| Problem requirements |
Look for the line containing "Cảnh sát còng" and the line containing "GP Βρετανίας 2014: Διπλός" in the entries below. Copy those two and all lines between them exactly, leaving out pictures.

| Recorded data |
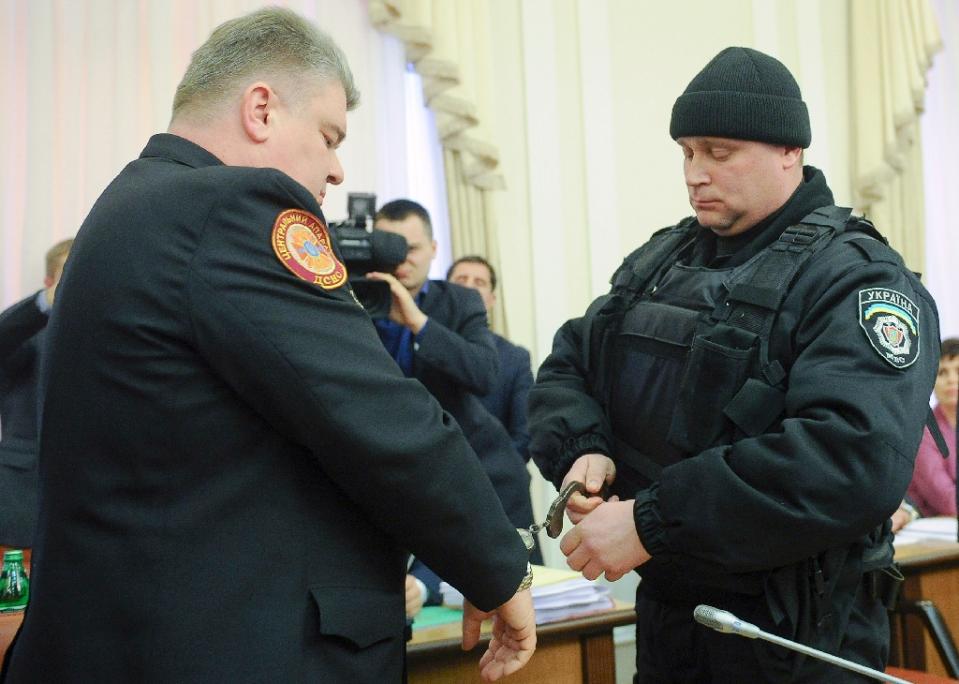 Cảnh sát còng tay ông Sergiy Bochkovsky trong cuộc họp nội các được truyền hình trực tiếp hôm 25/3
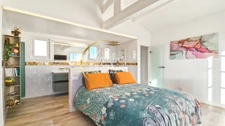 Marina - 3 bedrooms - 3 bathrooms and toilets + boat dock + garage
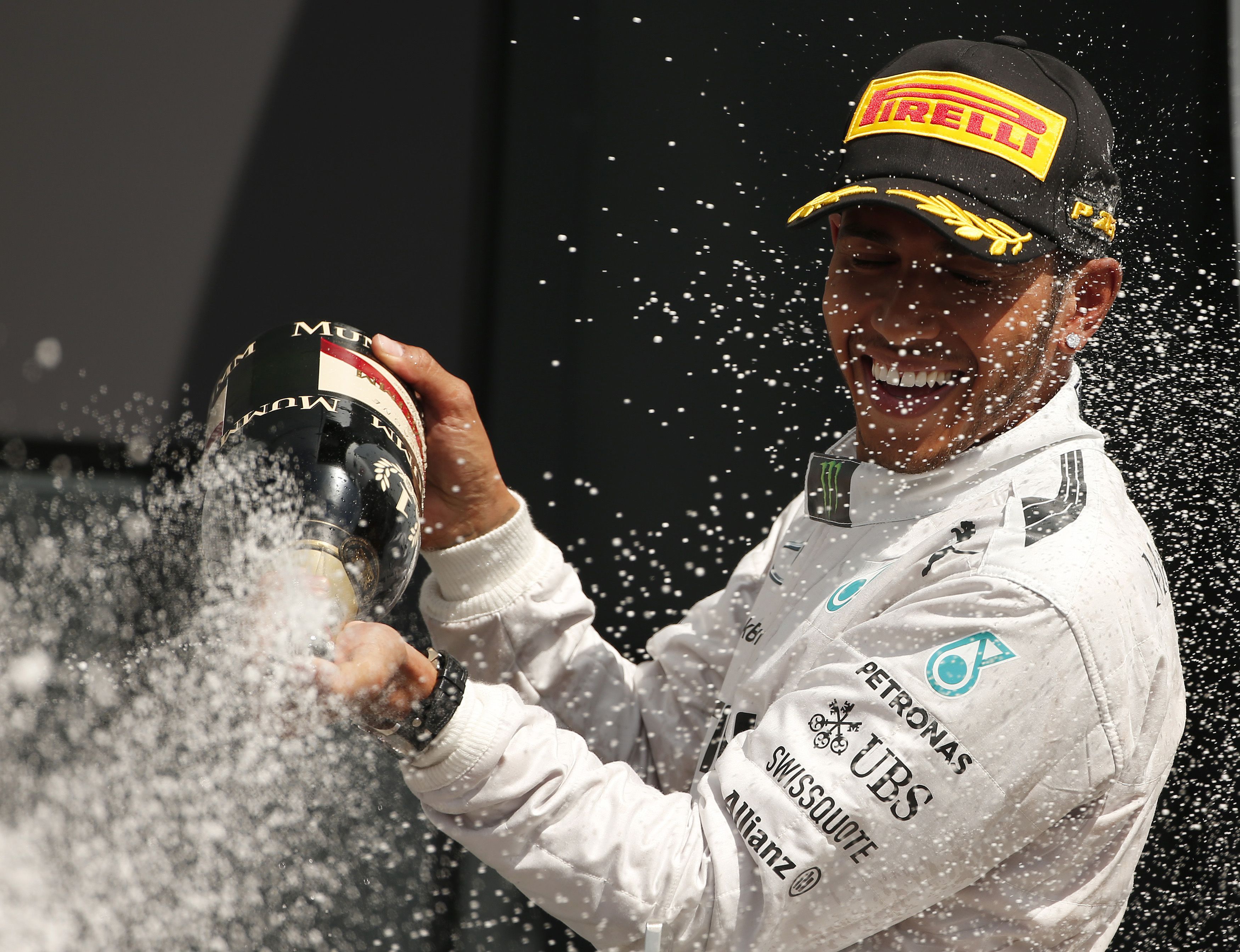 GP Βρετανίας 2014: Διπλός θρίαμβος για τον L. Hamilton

...

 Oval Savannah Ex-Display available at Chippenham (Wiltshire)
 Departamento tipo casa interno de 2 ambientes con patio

| Solution to the exercise |
 Cảnh sát còng tay ông Sergiy Bochkovsky trong cuộc họp nội các được truyền hình trực tiếp hôm 25/3
 Marina - 3 bedrooms - 3 bathrooms and toilets + boat dock + garage
 GP Βρετανίας 2014: Διπλός θρίαμβος για τον L. Hamilton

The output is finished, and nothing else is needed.